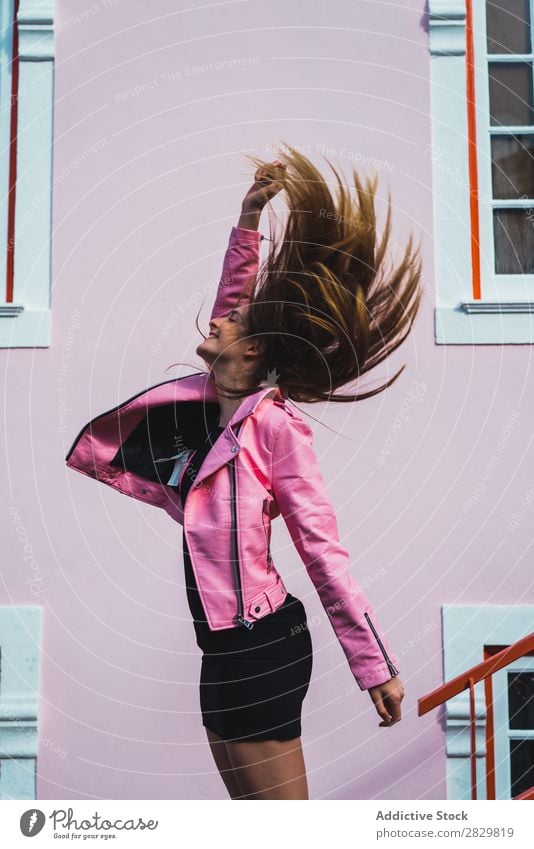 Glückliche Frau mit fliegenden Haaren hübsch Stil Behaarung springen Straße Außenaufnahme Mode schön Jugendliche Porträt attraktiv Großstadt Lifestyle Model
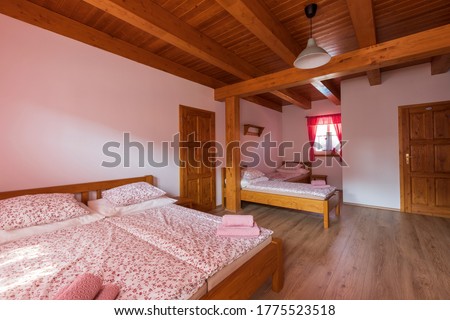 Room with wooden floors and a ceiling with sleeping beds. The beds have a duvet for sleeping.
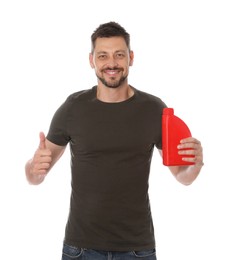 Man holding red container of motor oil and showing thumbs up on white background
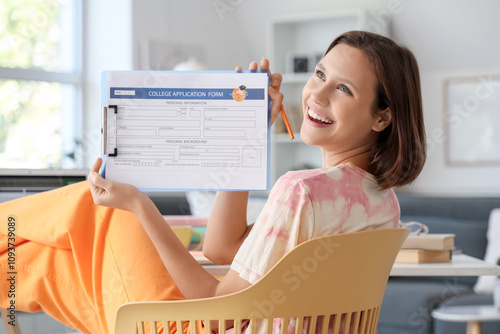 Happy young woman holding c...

> _Work order_: Your task is to retype, exactly and only, the lines from the line holding "Room with wooden" through the final line of the data above, with both ends kept. Drop the pictures.

> _Answer for the task_:
 Room with wooden floors and a ceiling with sleeping beds. The beds have a duvet for sleeping.
 Man holding red container of motor oil and showing thumbs up on white background
 Happy young woman holding c...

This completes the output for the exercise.